A large number of foreign investors had participated in last year's CIIE to vie for a slice of China's massive domestic market. During the event, almost $57.8 billion worth of corporate deals were signed, and as a result, many international companies have benefited immensely. For instance, New Zealand-based milk products company Theland managed to expand its sales figures to 30,000-80,000 bottles/week from a trickle of 3,000 bottles/week after participating in the first CIIE.

Night view of the Bund in Shanghai, China, Nov. 5, 2019. [Photo/Xinhua]

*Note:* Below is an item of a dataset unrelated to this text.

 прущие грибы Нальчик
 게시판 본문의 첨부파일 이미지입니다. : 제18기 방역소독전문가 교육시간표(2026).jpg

In addition, China's favorable policies such as cutting down its negative list, strengthening intellectual property laws, removing foreign equity caps on the manufacturing of special-purpose and new-energy vehicles, and reducing import duties have also played a significant role in attracting foreign direct investment into the country. A statement published by the Ministry of Commerce early last month underscored that FDI into the Chinese mainland has increased by 6.5% year on year to 683.21 billion yuan between January to September this year. It also stated that almost 30,871 overseas companies entered China during this period. The investment into high-tech sectors and the country's pilot free trade zones reached 203.8 billion yuan and 98.84 billion yuan, which accounted for 39.8% and 14.5% of the country's total FDI respectively. In addition, China has improved its position from 46th to 31st in the World Bank "Doing Business 2020" ranking based on the increased ease at which enterprises can conduct business in the country. The report also stated that the country scored the highest in three indicators, namely: dealing with construction permits, getting electricity, and protecting minority investors. 

Consequently, many big companies, such as Tesla and Costco, entered China this year. Tesla built its first wholly foreign-owned $2 billion electric vehicle factory in Shanghai, which is expected to produce up to 500,000 vehicles per year for both China and the international market. Also, Costco, a large American retailer, opened its first China store in August this year to cash in on the burgeoning consumer market in the country. 

By looking at the overall trends of growing demand for higher quality products by Chinese consumers as well as the government's efforts to create a level playing field for businesses, it seems that this year's CIIE will fulfil its objective of providing greater market access to overseas firms. In addition to benefiting foreign companies, the CIIE will also make domestic companies more competitive and enhance the choices available to Chinese consumers. After all, giving market access to other countries will create a more balanced trading partnership and help in building a global community with a shared future. This is a far better path forward than engaging in a zero-sum game struggle with other nations for economic supremacy.

Rachana Gupta is an active blogger, poet and freenlance content writer. She is also the author of the book "To The Horizon We Indeed Sail".